> _Data section_
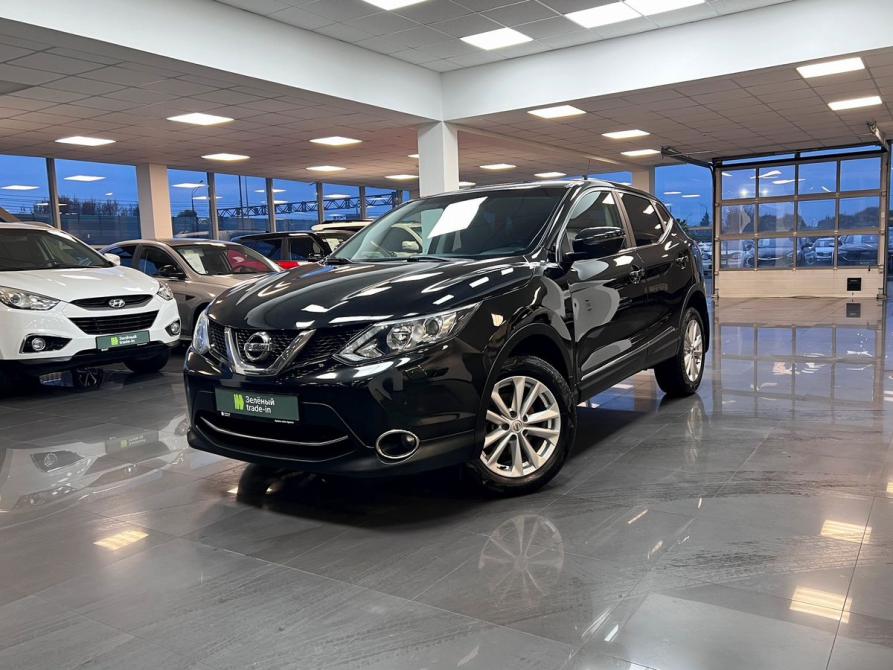 Nissan Qashqai II Тверь  - изображение 1
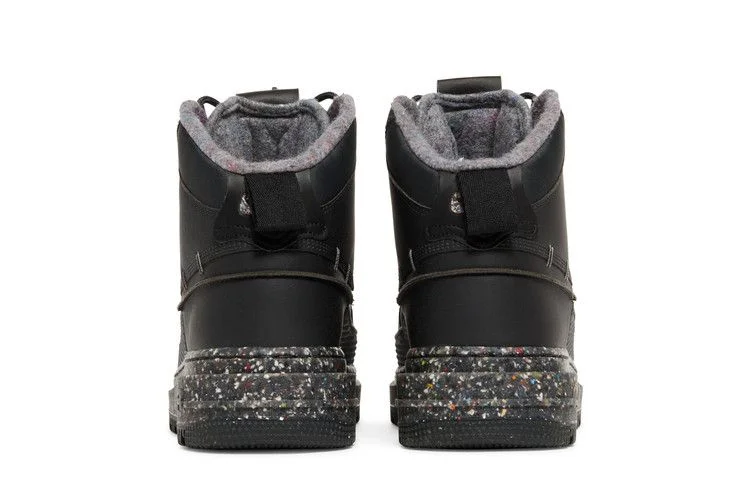 Nike Air Force 1 Boot NN 'Dark Smoke Grey Crater'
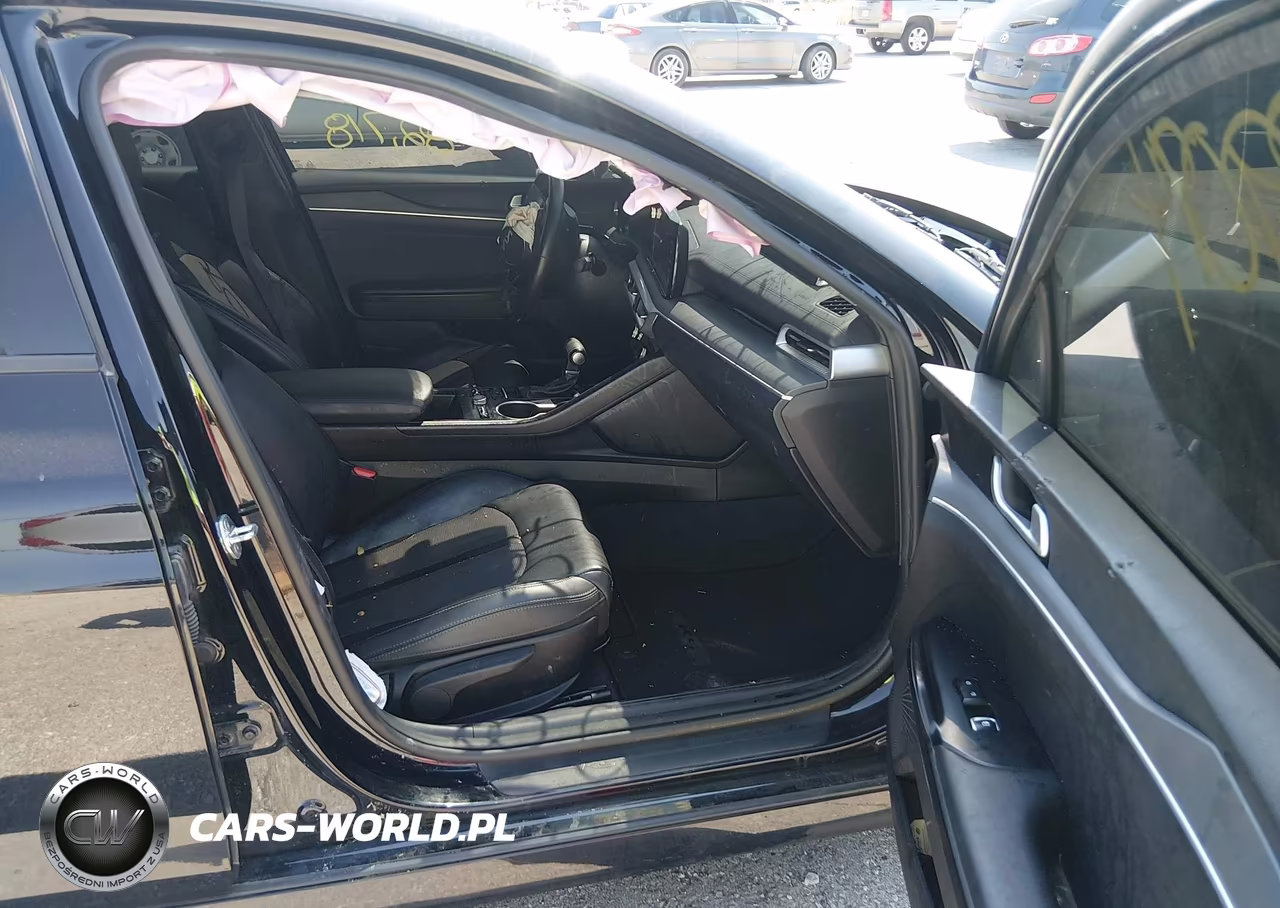 2022 Kia K5 Gt-Line VIN:5XXG64J21NG128158 - 5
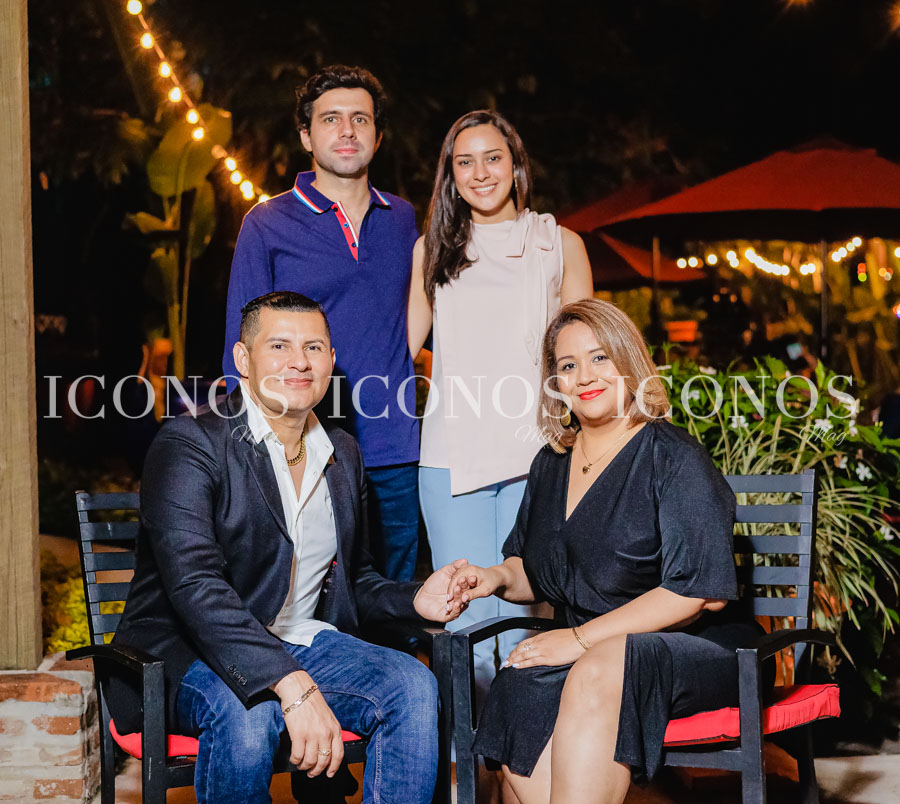 Renovación de votos Any Santamaria y Alberto Chinchilla (4)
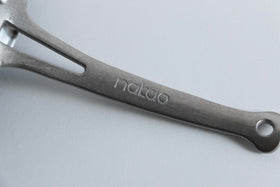 中尾アルミ製作所 シルクフライパン 浅型 ガス火用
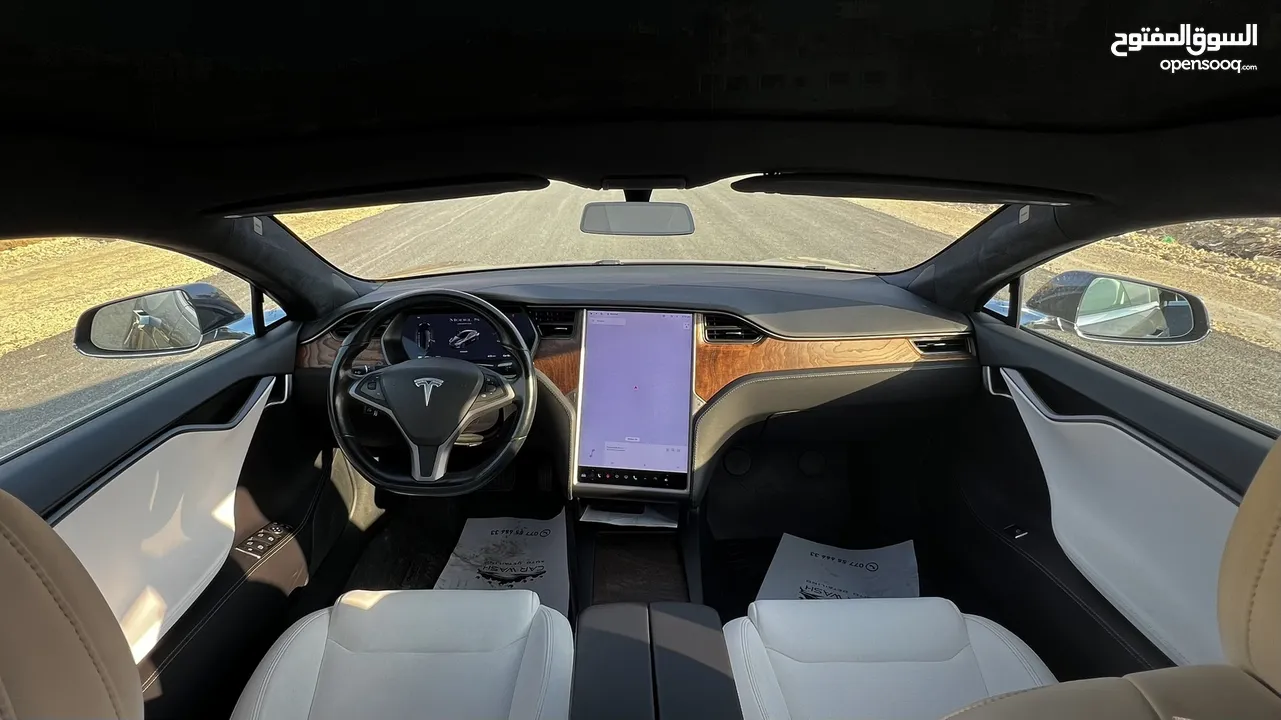 Tesla Model S 2021 Long range Plus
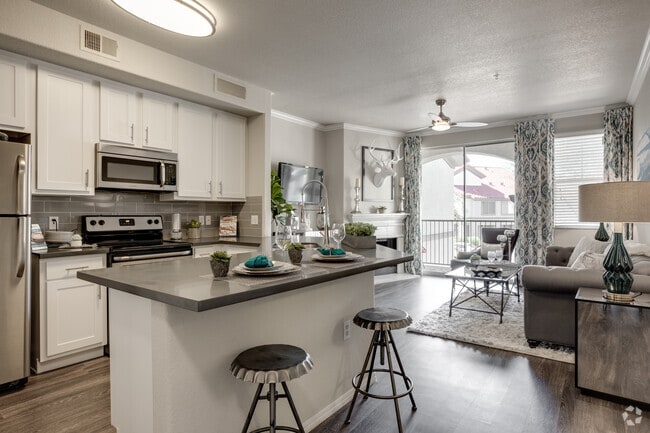 Interior Photo - The Catherine Townhomes at Scottsdale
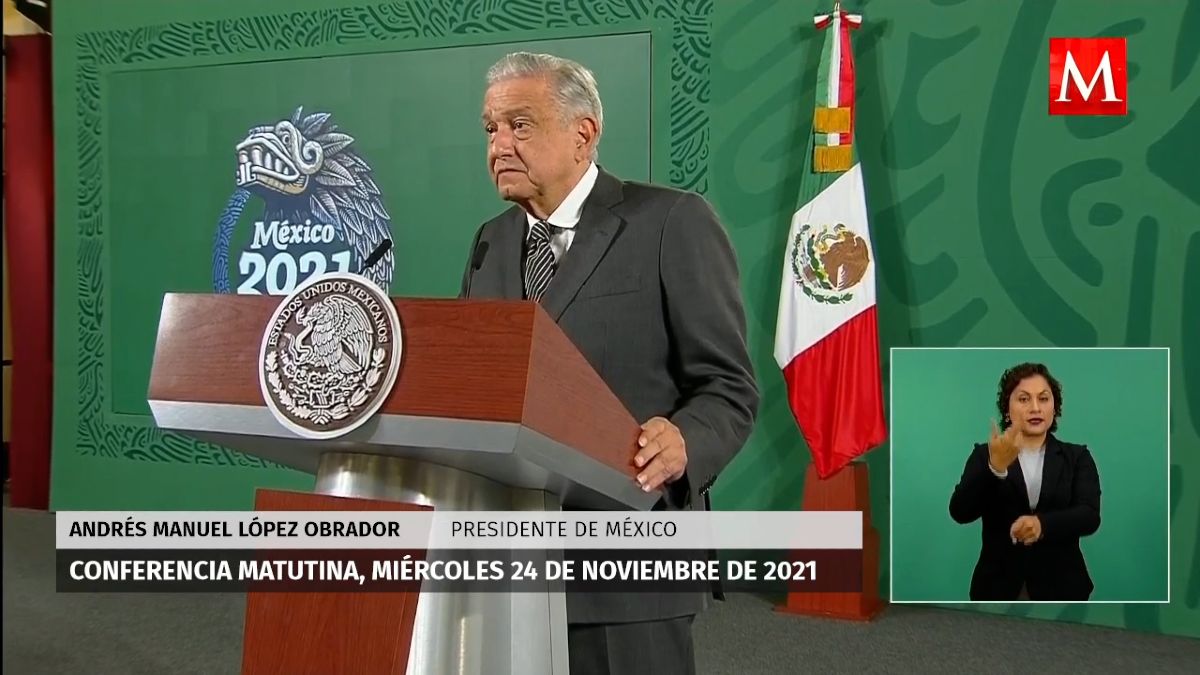 AMLO refrenda confianza en Arturo Herrera tras retiro para Banxico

> _Task statement_
For this exercise, output the records exactly but omit their pictures.

> _Solution to the exercise_
 Nissan Qashqai II Тверь  - изображение 1
 Nike Air Force 1 Boot NN 'Dark Smoke Grey Crater'
 2022 Kia K5 Gt-Line VIN:5XXG64J21NG128158 - 5
 Renovación de votos Any Santamaria y Alberto Chinchilla (4)
 中尾アルミ製作所 シルクフライパン 浅型 ガス火用
 Tesla Model S 2021 Long range Plus
 Interior Photo - The Catherine Townhomes at Scottsdale
 AMLO refrenda confianza en Arturo Herrera tras retiro para Banxico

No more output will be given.